- _Work instructions_
Up to and including the line that holds "J.S. Bach /", print the data exactly from its first line; do not print the pictures.

- _Recorded data_
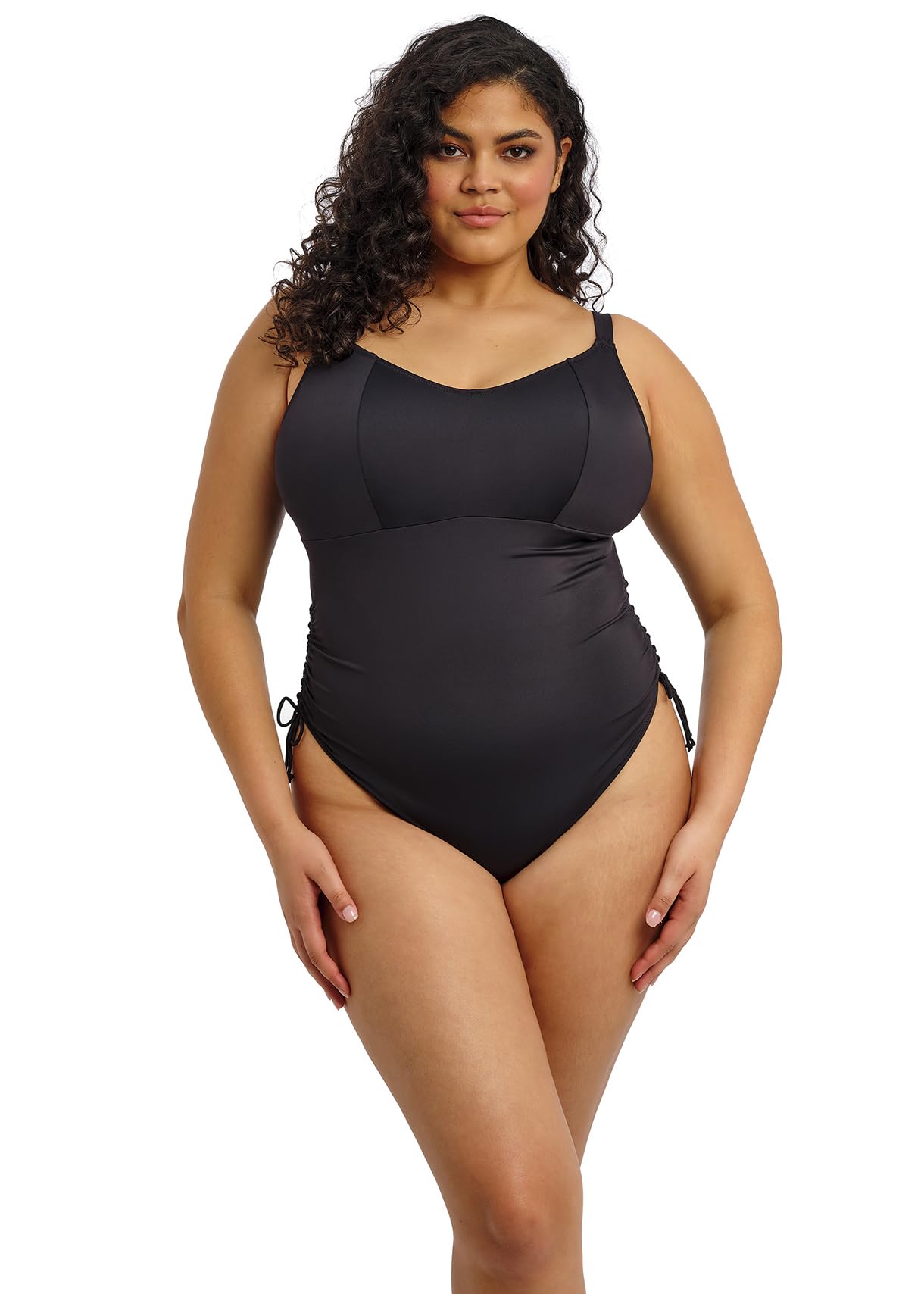 Womens Plain Sailing Non Wired Swimsuit
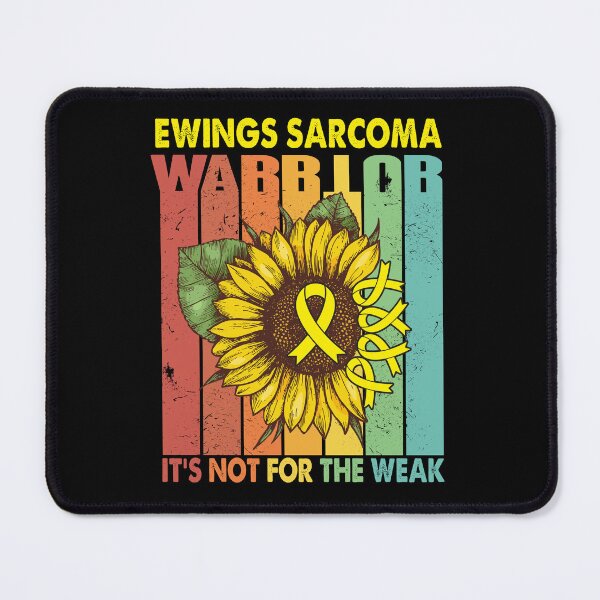 Item preview, Ewings Sarcoma Warrior - IT IS NOT FOR THE WEAK designed and sold by Fernandezf.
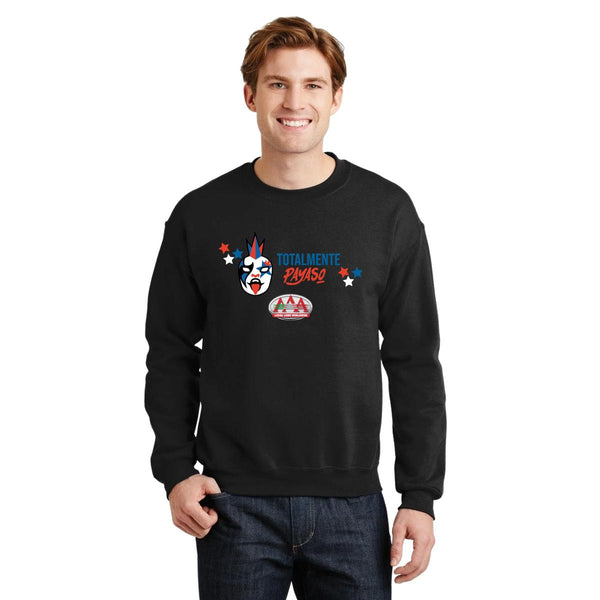 Sudadera Hombre Lucha Libre AAA Totalmente Psycho Clown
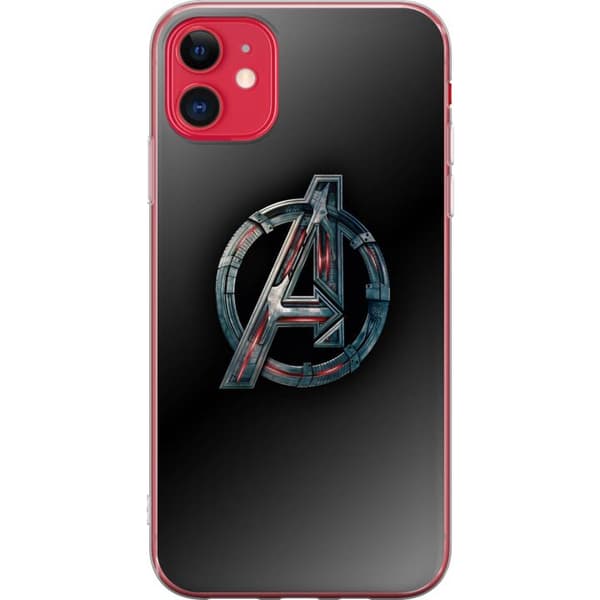 Apple iPhone 11 Gjennomsiktig deksel Avengers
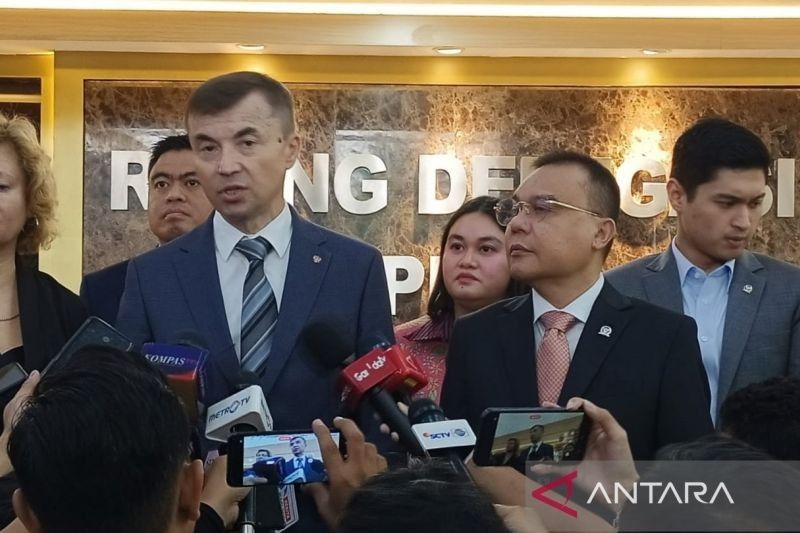 Indonesia dan Rusia Tingkatkan Kerja Sama Bilateral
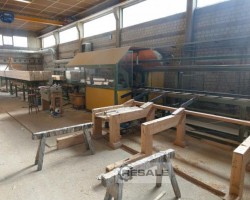 Maschine: HUNDEGGER K1, 1999 Abbundanlagen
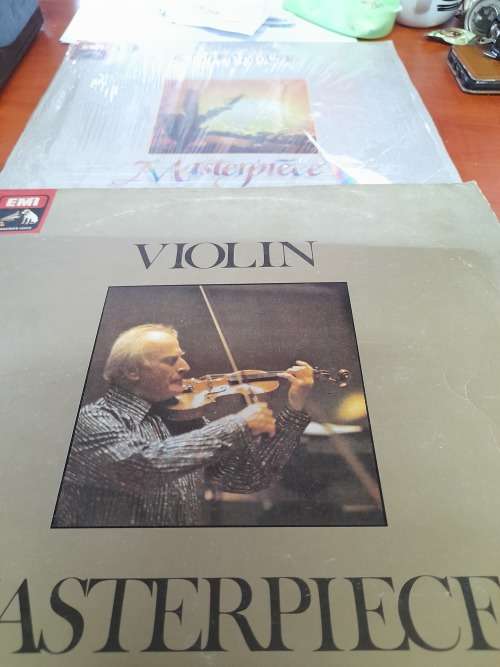 Serenade Masterpiece / Violin Masterpiece LP Combo  
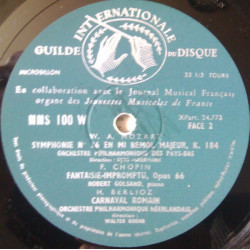 J.S. Bach / Vivaldi / Beethoven / Mozart / Chopin / Berlioz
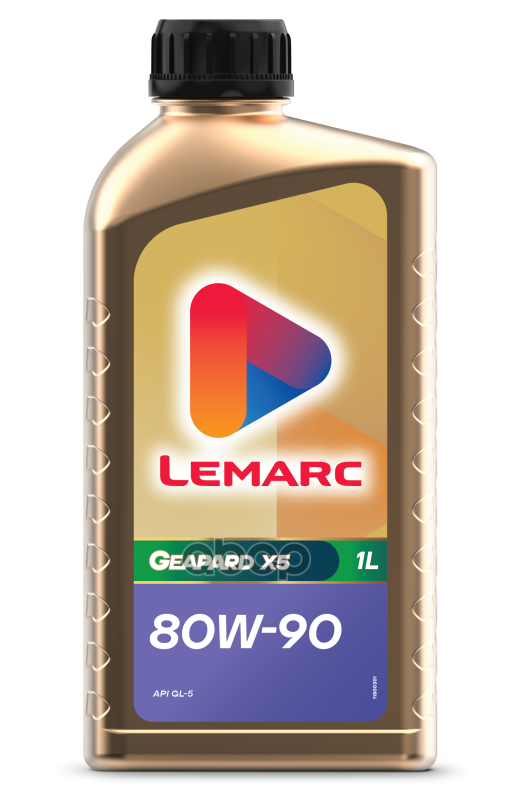 фото Lemarc Geapard X5 80W-90 (Gl-5) 1Л Масло Трансмиссионное LEMARC арт. 12330301
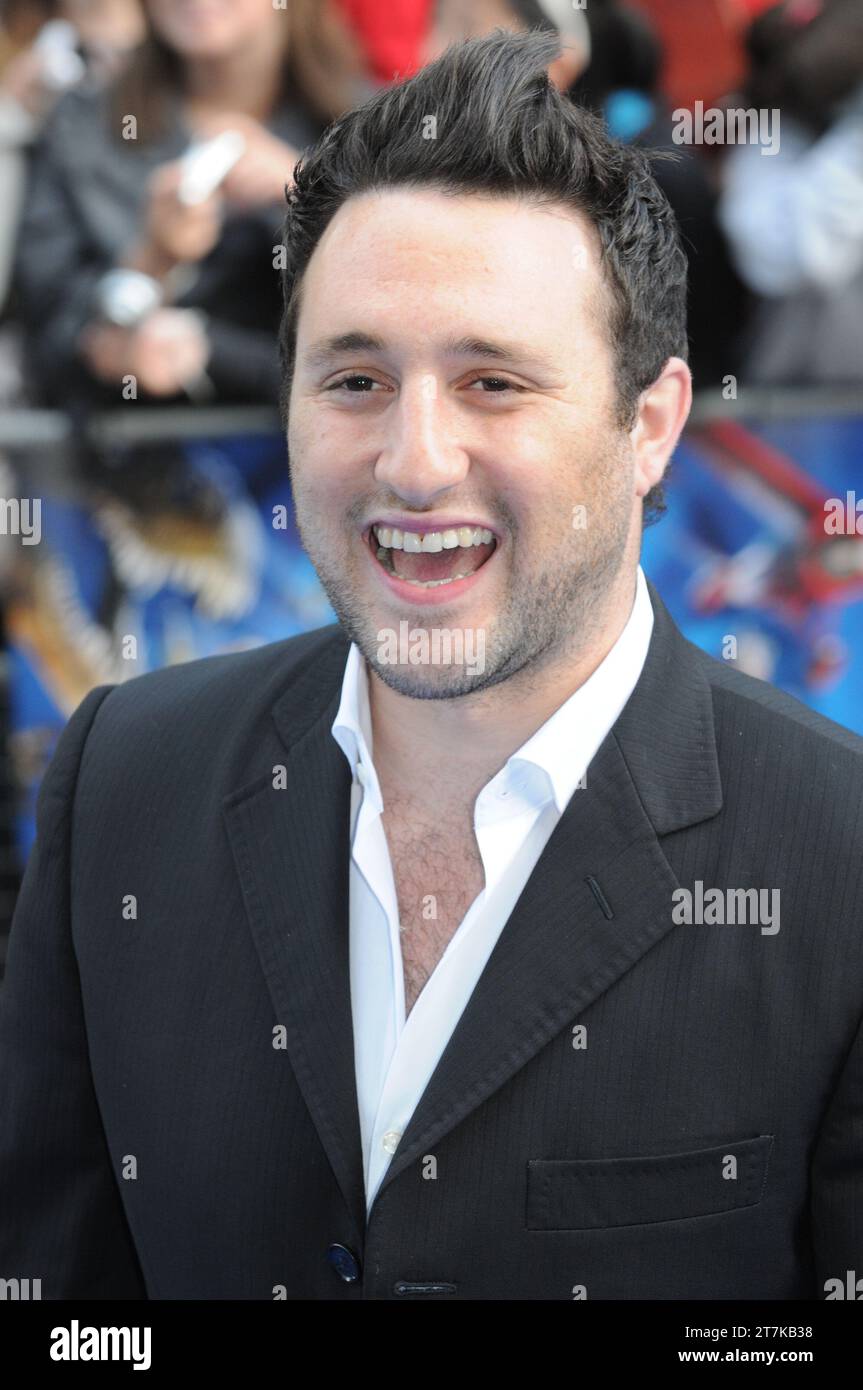 Anthony Costa, Night at the Museum 2, Londra, Regno Unito Foto Stock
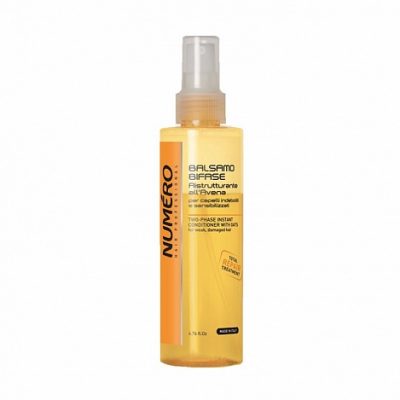 NUMERO OAT BIPHASE BALSAM Двухфазный бальзам с экстрактом овса BRELIL PROFESSIONAL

- _Written solution_
 Womens Plain Sailing Non Wired Swimsuit
 Item preview, Ewings Sarcoma Warrior - IT IS NOT FOR THE WEAK designed and sold by Fernandezf.
 Sudadera Hombre Lucha Libre AAA Totalmente Psycho Clown
 Apple iPhone 11 Gjennomsiktig deksel Avengers
 Indonesia dan Rusia Tingkatkan Kerja Sama Bilateral
 Maschine: HUNDEGGER K1, 1999 Abbundanlagen
 Serenade Masterpiece / Violin Masterpiece LP Combo  
 J.S. Bach / Vivaldi / Beethoven / Mozart / Chopin / Berlioz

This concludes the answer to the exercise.